_Exercise description_
The line with "1961 Topps Dallas Cowboys Team Card 28 PSA 6" through the last line of the entries: give these again exactly, and only these, without any pictures.

[Start of section]

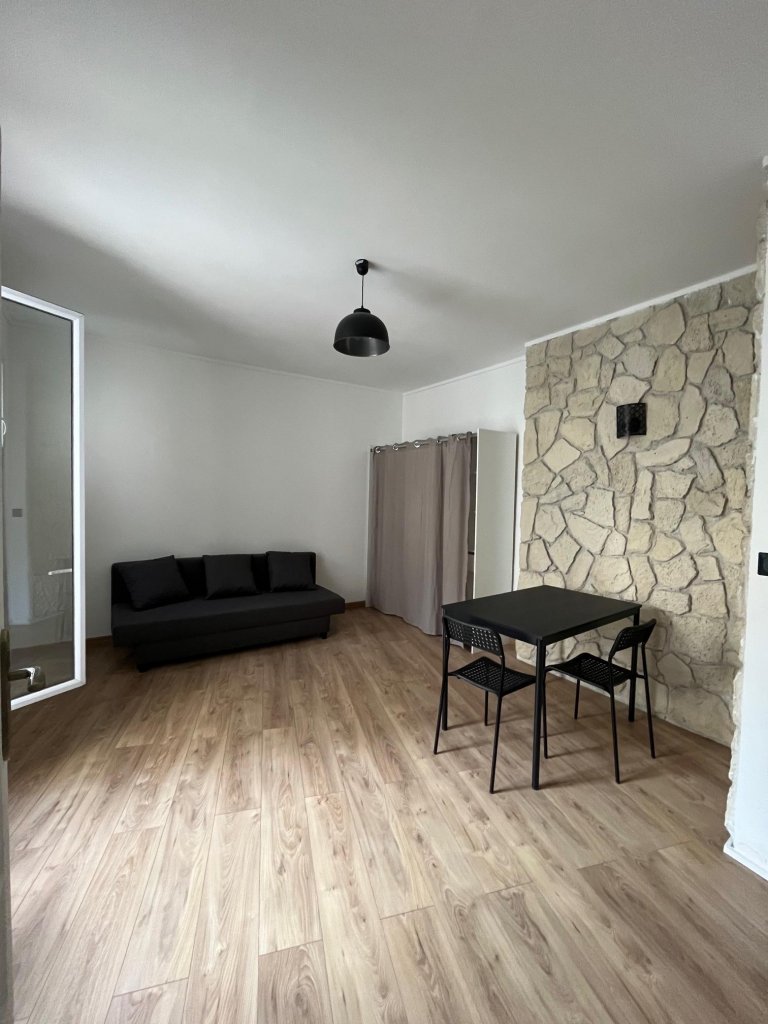 Studio 1 Pièce(s) PARIS 18EME ARR.
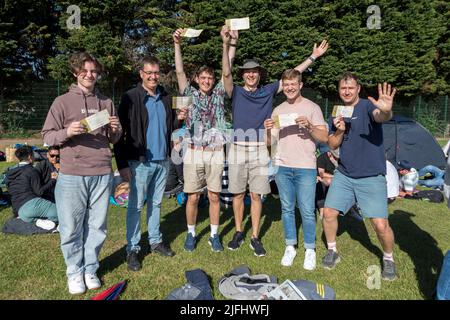 Ce matin, les fans de tennis font de longues files d'attente au parc de Wimbledon pour obtenir des billets avant le championnat. Photo: Un groupe de fans de l'Afrique du Sud queui Banque D'Images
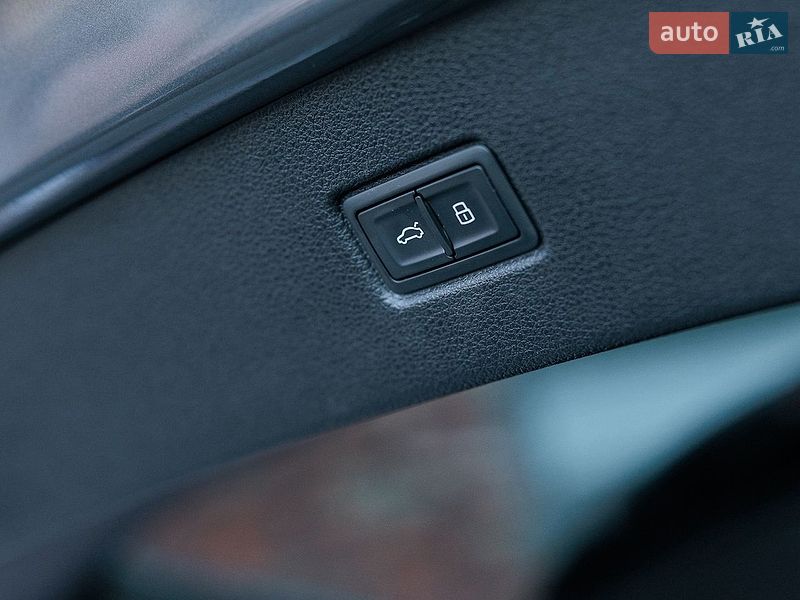 Позашляховик / Кросовер Audi Q7 2017 в Дніпрі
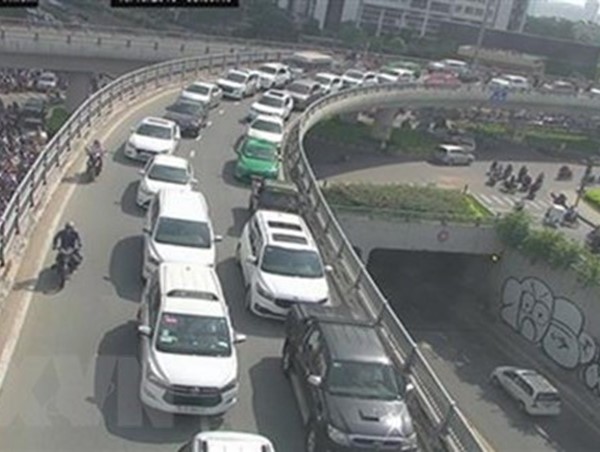 ​TP.HCM: Xe chở hàng lậu tự gây tai nạn ở đường hầm vượt sông Sài Gòn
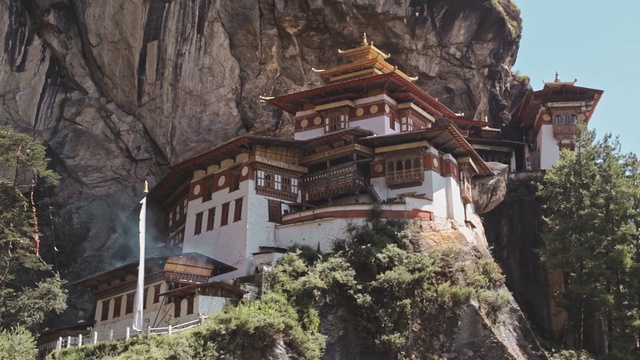 Video Reference: Landmark, Building, Historic site, Architecture, Temple, Monastery, Place of worship, Hill station, Chinese architecture, Tourist attraction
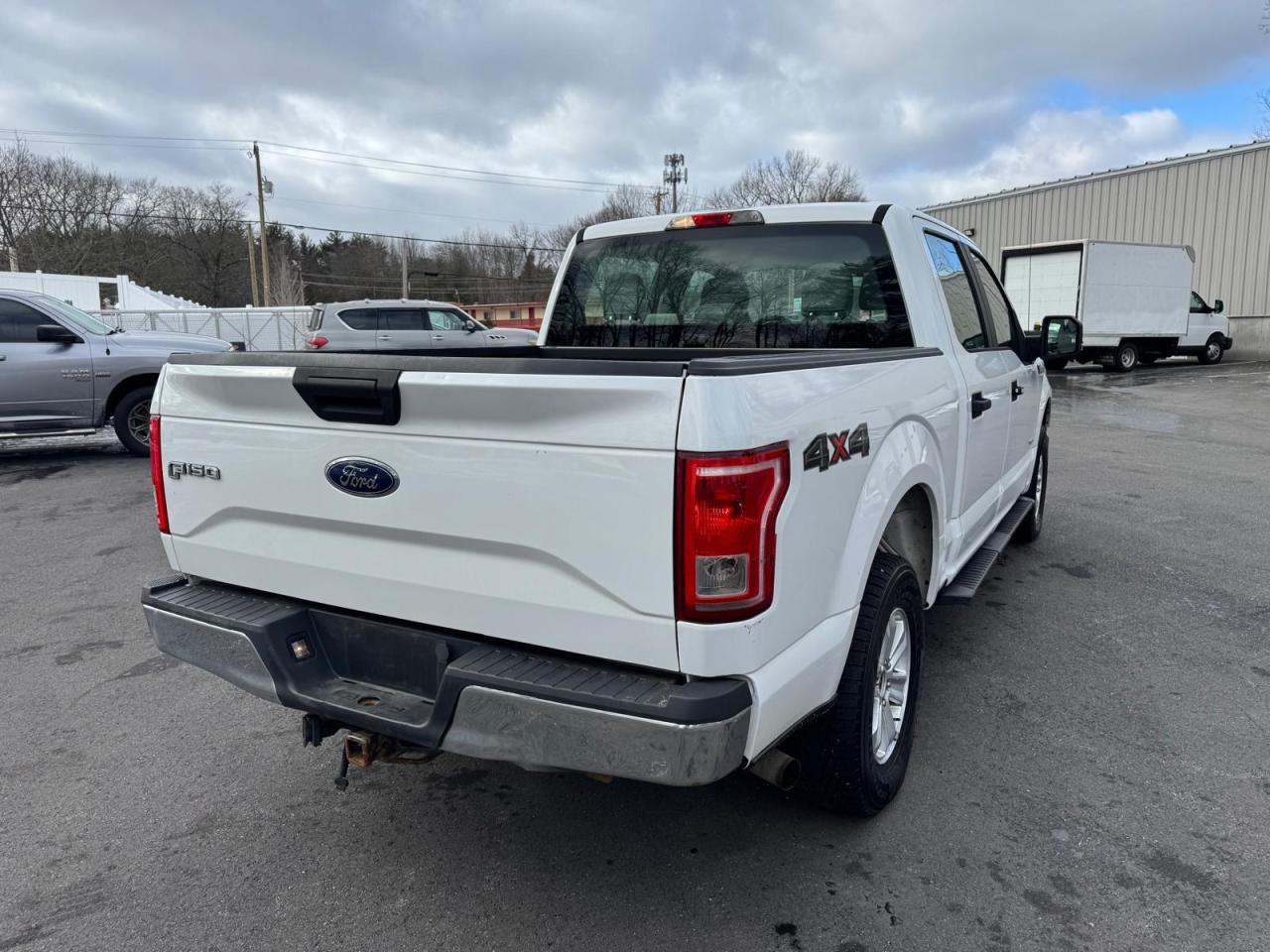 Ford F-150 Supercrew Image 11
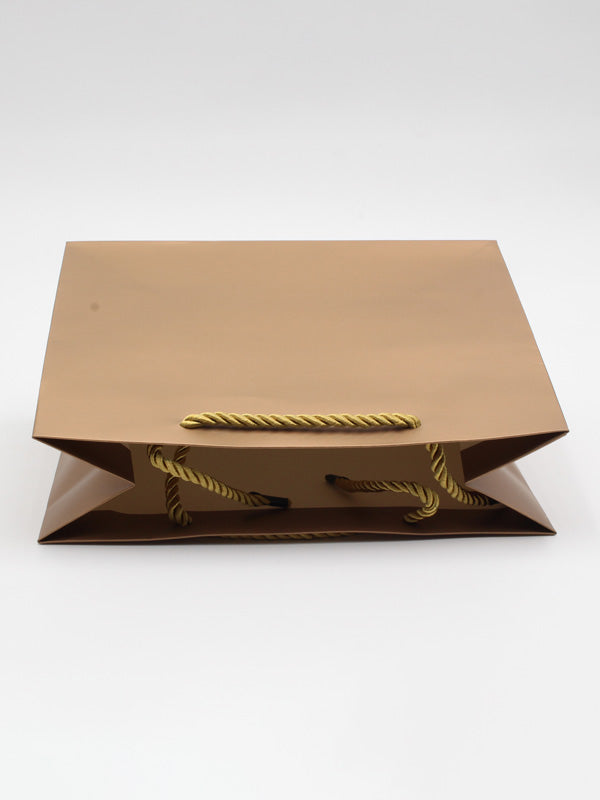 كيس كرتون بني هدايا متوفر 2 لون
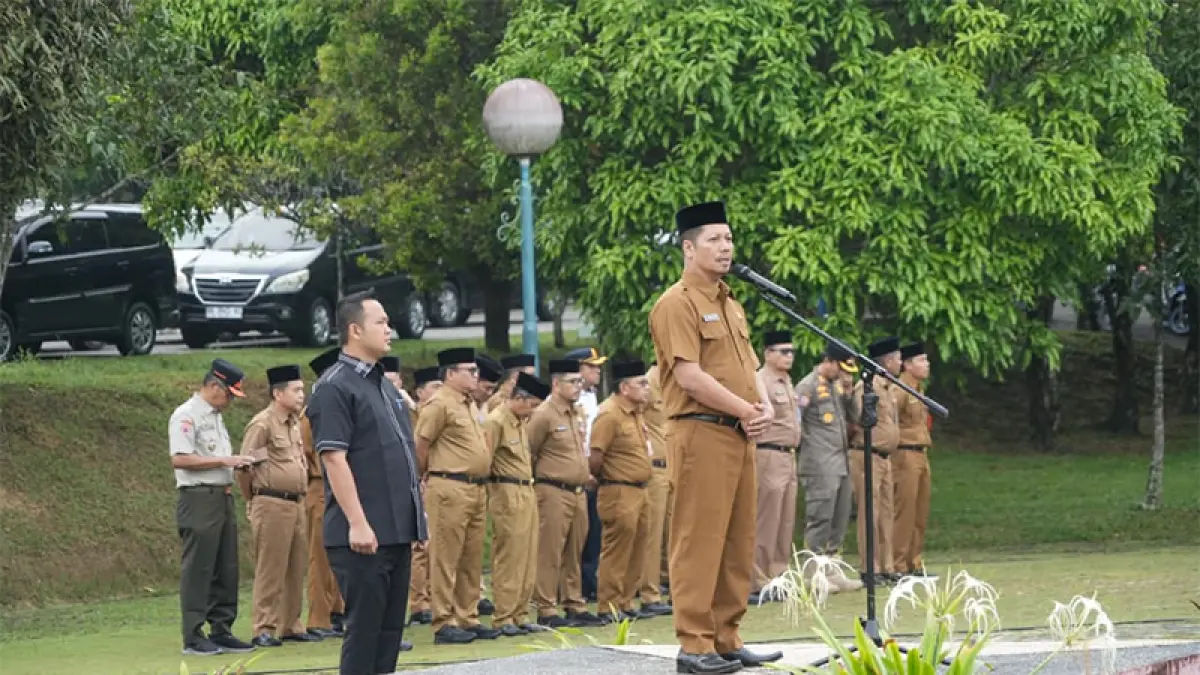 Plt Bupati Kuansing H Muklisin memimpin apel perdana seluruh ASN di lingkungan Pemkab Kuansing, Senin (6/7/2026) di lapangan Komplek Pemkab. (Desriandi Candra)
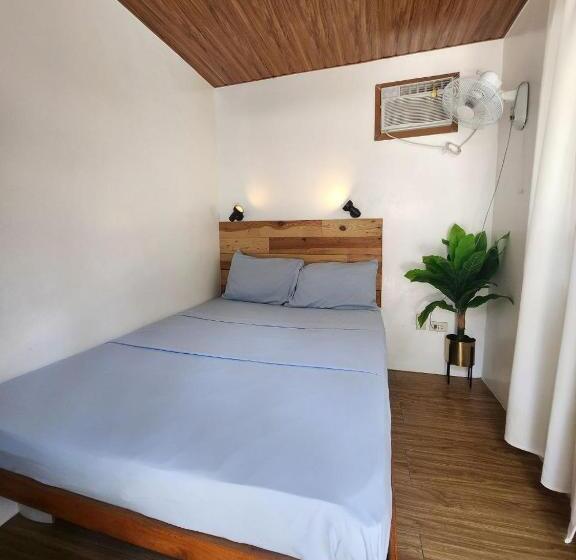 منزل غرفة نوم واحدة, Beach Resort In Zambales S1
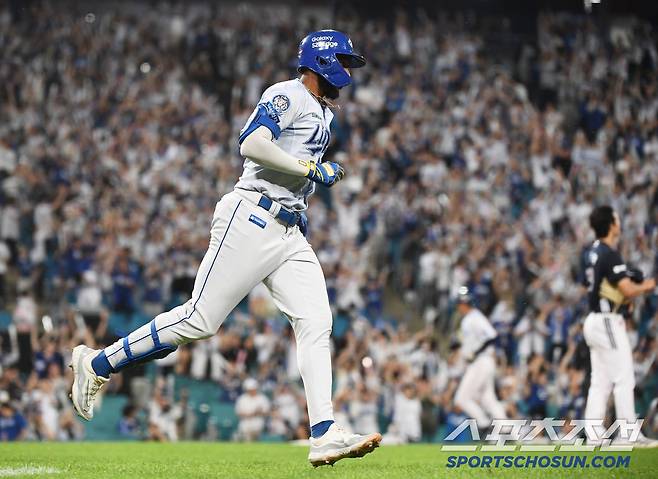 6회말 2사 2루 디아즈가 투런포를 친 후 달려나가고 있다.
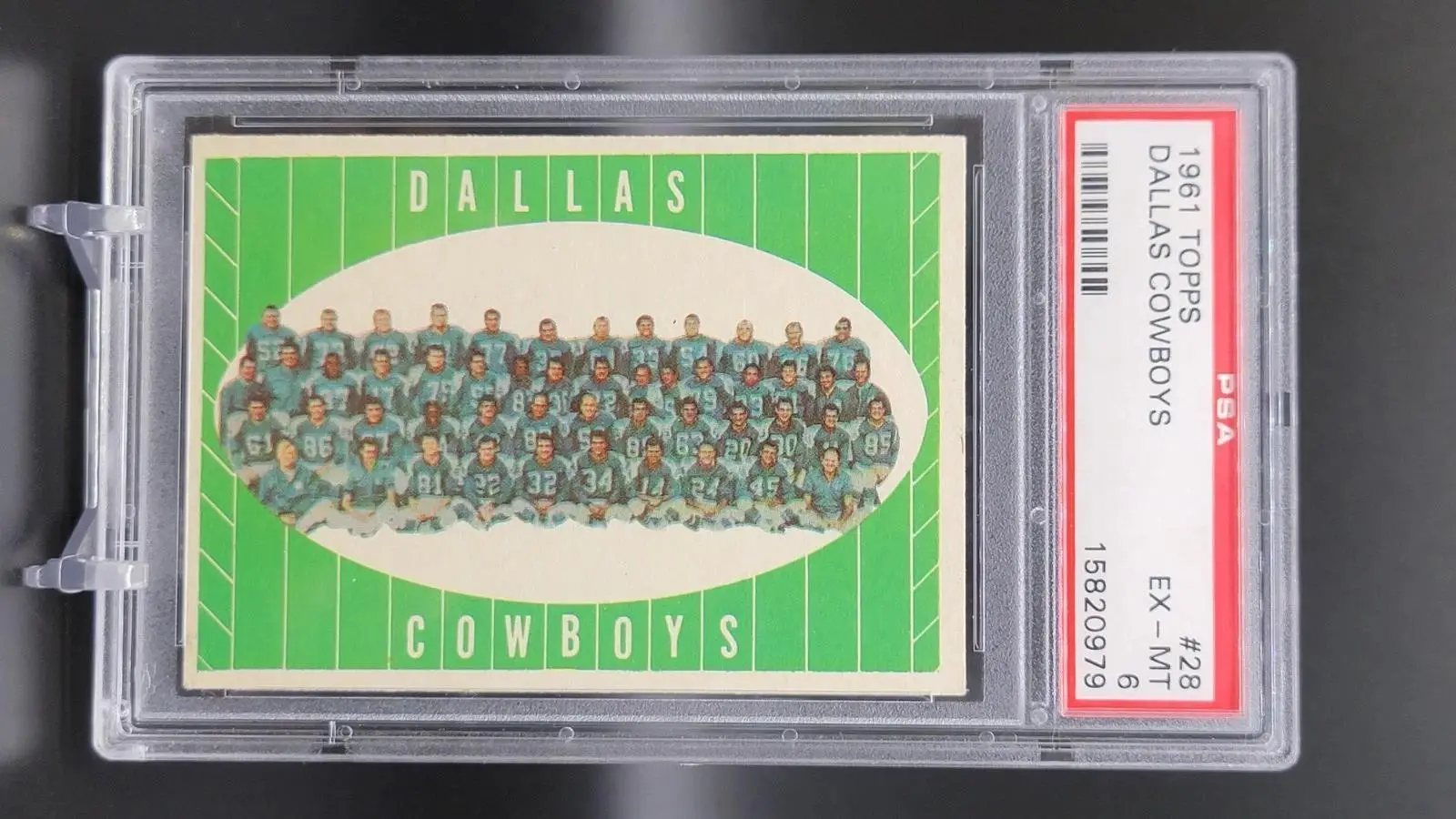 1961 Topps Dallas Cowboys Team Card 28 PSA 6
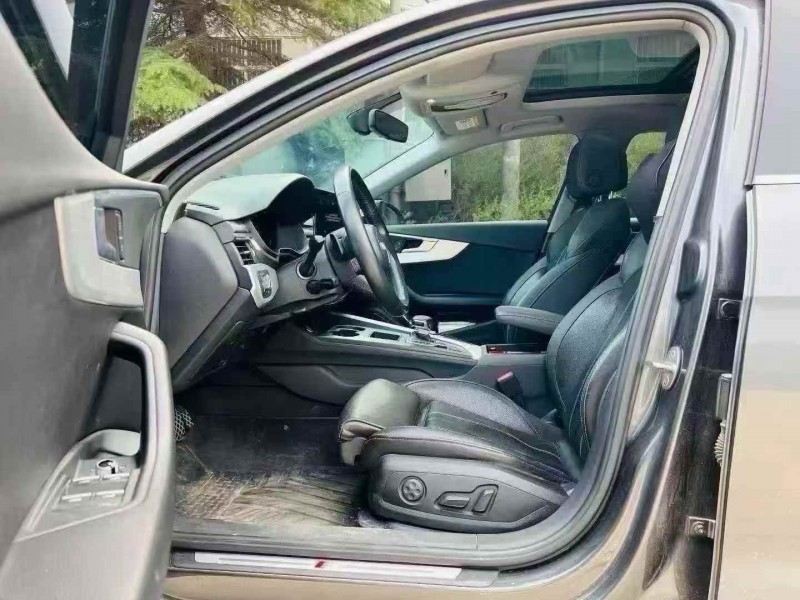 济宁22年奥迪A4L6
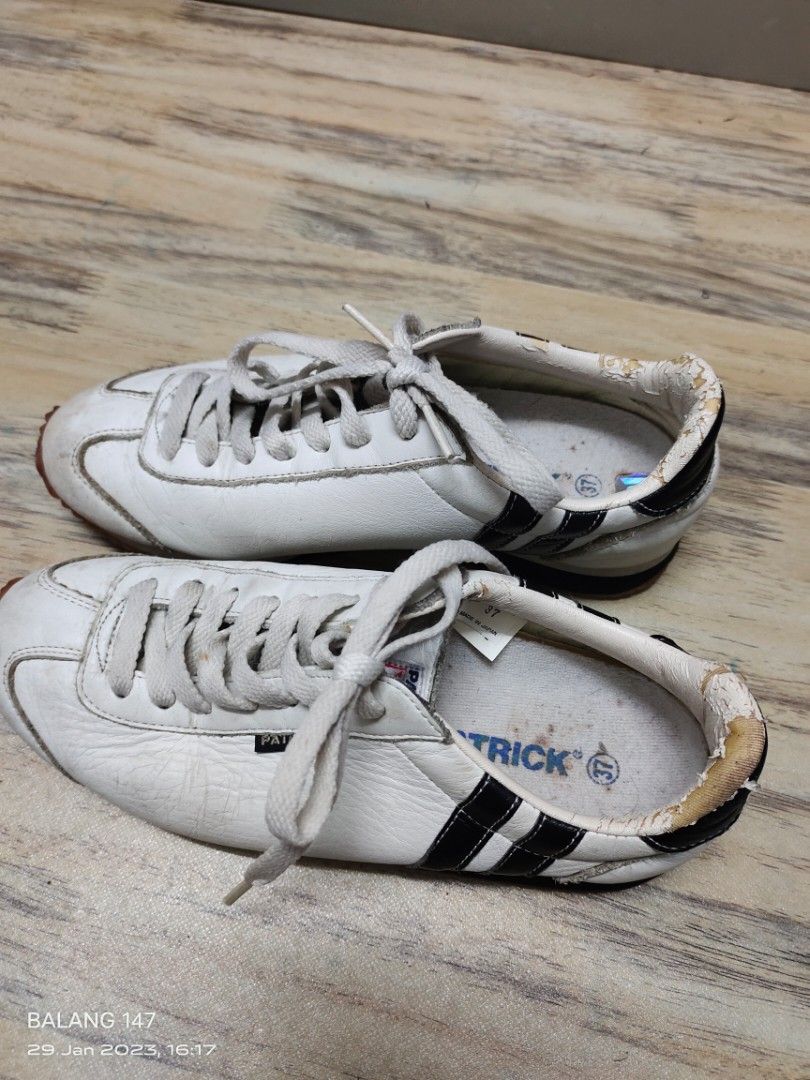 patrick (Category: Sneakers) located in Kuala Lumpur. Submitted by balangbell (Listing ID 1212140200, Image 3). Description: size 37 made in japan size budak 7-9 tahun tapak masih ok barang lama vintage.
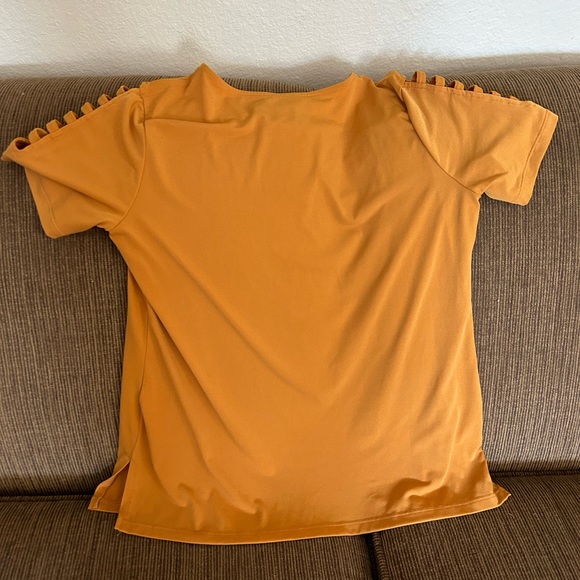 Michael Kors Medium Yellow Top - Picture 2 of 6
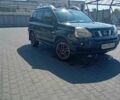 Черный Ниссан ИксТрейл, объемом двигателя 2 л и пробегом 192 тыс. км за 9500 $, фото 4 на Automoto.ua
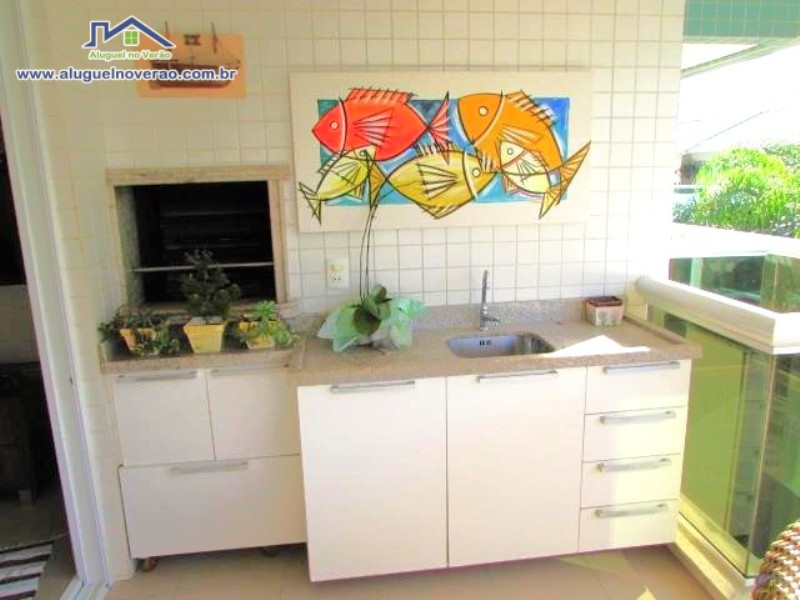 SACADA COM CHURRASQUEIRA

[End of section]

_Answer space_
 1961 Topps Dallas Cowboys Team Card 28 PSA 6
 济宁22年奥迪A4L6
 patrick (Category: Sneakers) located in Kuala Lumpur. Submitted by balangbell (Listing ID 1212140200, Image 3). Description: size 37 made in japan size budak 7-9 tahun tapak masih ok barang lama vintage.
 Michael Kors Medium Yellow Top - Picture 2 of 6
 Черный Ниссан ИксТрейл, объемом двигателя 2 л и пробегом 192 тыс. км за 9500 $, фото 4 на Automoto.ua
 SACADA COM CHURRASQUEIRA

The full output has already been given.